相模原駅は、リニア新幹線の予定停車駅に隣接する橋本駅からJR横浜線で1駅進んだ先にある駅だ。
相模原市の資料によると、2021年度におけるJR相模原駅の1日平均乗降客数は約48,000人となっている。これは埼玉県の南浦和駅や神奈川県の平塚駅などとほぼ同数だ。
駅の周辺環境としては、駅直結の商業施設であるセレオ相模原及び相模原イッツが目を引く。
2つの商業施設を合わせると、2022年8月時点では50弱の店舗や施設が営業している。

また、相模原駅の南側には「さがみ夢大通り」という通りがあり、通り沿いには銀行や多くのオフィスビルなどが並んでいる。

相模原市が相模原駅の周辺に着目している理由の1つは、交通利便性の高さだ。
相模原駅は圏央道の相模原インターチェンジに近く、高速道路を利用すれば成田・羽田の両空港にアクセスできる。
そのほか、JR横浜線によって八王子・横浜の双方へ容易に移動可能だ。
一方で、都市機能の多くは駅の南側に集まっており、北側は都市開発が十分に進んでいるとは言い難い。
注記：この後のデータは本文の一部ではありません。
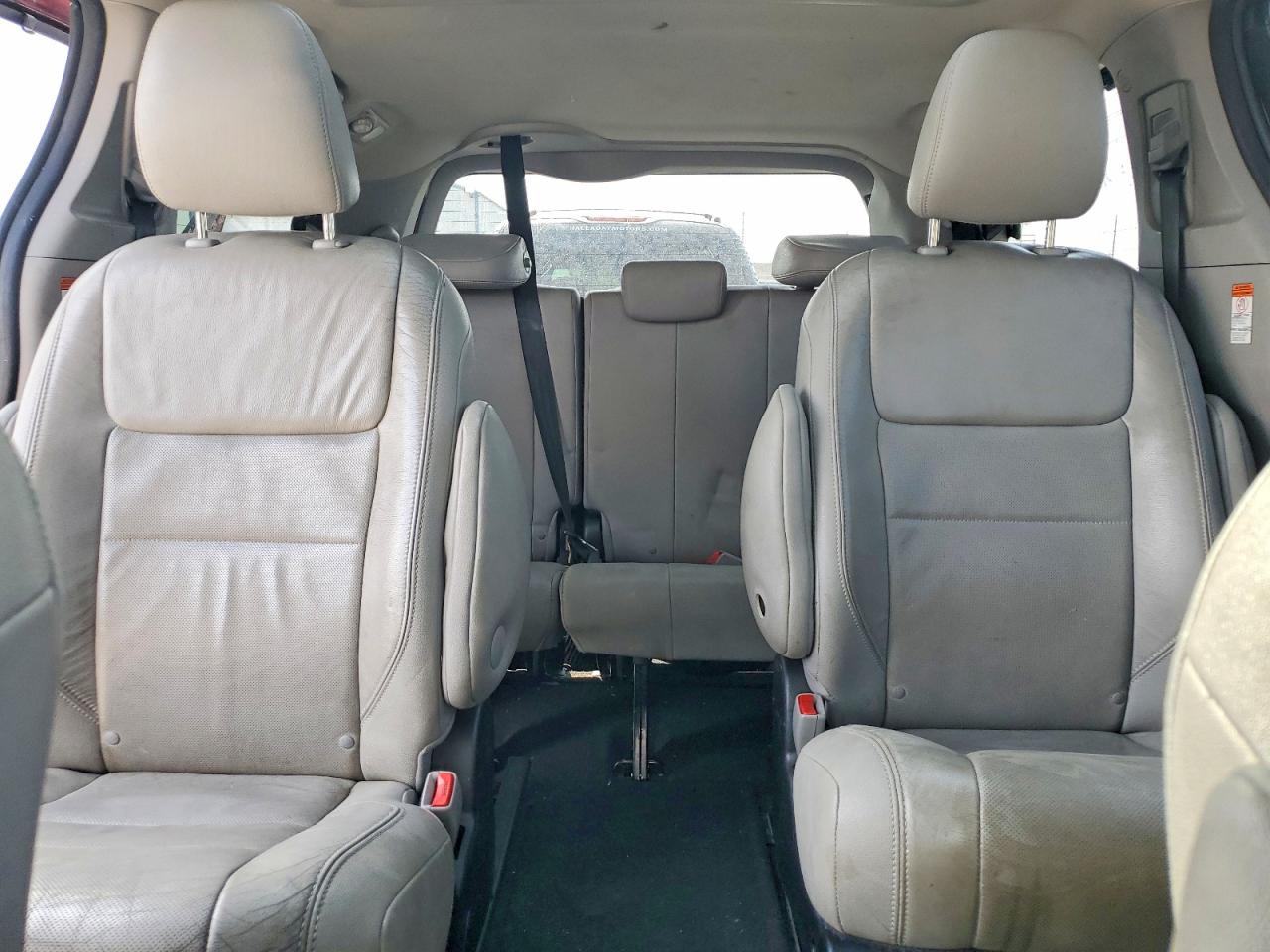 2015 Toyota Sienna Limited 7-passenger Burgundy vin: 5TDDK3DCXFS110836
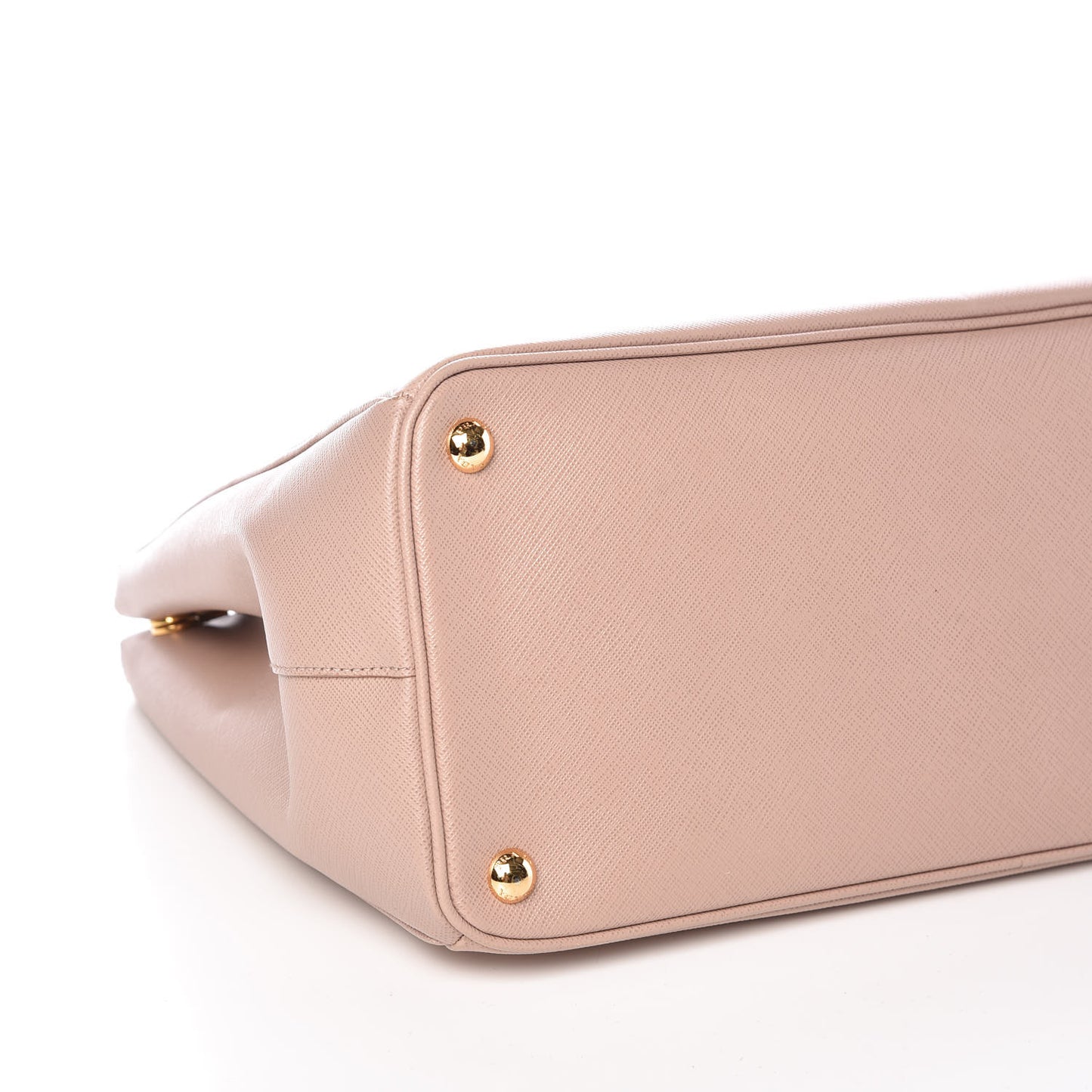 Saffiano Medium Galleria Double Zip Tote Cammeo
駅の北側で都市開発が進んでいなかった原因は、北側の敷地が在日米軍の総合補給廠(そうごうほきゅうしょう:補給基地のこと)として利用されているためだ。
しかし、2014年9月に基地敷地の一部が返還されたため、土地利用方針の検討が進んでいる。

※引用:相模原市
新たな大型商業施設が
開発される可能性も
相模原市が駅北口エリアの開発によって解決したい都市課題は複数あるが、着目したいポイントは「昼間人口と交流人口の拡大」及び「利便性の向上」だ。
相模原駅の周辺には駅ビル以外に目立った商業施設がなく、オフィスビルなども南口の大通り沿いにあるものが大半なので、駅周辺の就業人口があまり多くない。
また、市民アンケートによると相模原駅周辺には買物できるところがあまりないと考えている人が多く、商業施設の建設を望む意見が多数を占めている。

※引用:相模原市
開発の方針は未だ検討中ではあるが、市民アンケートの結果を踏まえれば、スポーツジムなどを含む大型商業施設が建設される可能性は高い。
商業施設が建設されれば地元の雇用喚起にもつながるため、市としても課題解決につなげられるだろう。
小田急線の
延伸計画も
相模原駅の周辺でもう1つ注目したいポイントは、小田急多摩線の延伸計画だ。
小田急多摩線は2022年現在、JR相模原駅の北東にある唐木田駅が終点となっている。
しかし、唐木田駅の南側に3つの駅を新設することが検討されており、実現すればJR相模原駅は横浜線と小田急線の2路線が乗り入れる駅となる見込みだ。

※引用:相模原市
小田急線が乗り入れれば、相模原から新宿まで乗り換えなしのアクセスが可能となる。また、途中の下北沢で乗り換えれば渋谷へ行くこともできる。
なお、2019年に発表された資料では、路線の完成時期は2030年頃が目途とされていた。
一方で、コロナを発端としたテレワークの普及により鉄道利用者が減少していることや、各鉄道会社の業績悪化などが延伸計画の障害となる可能性は否めない。
しかし、駅北口エリアの開発と併せて延伸計画が進んだ場合には、今後JR相模原駅の周辺は大きく変わると予測される。今後の展開には要注目だ。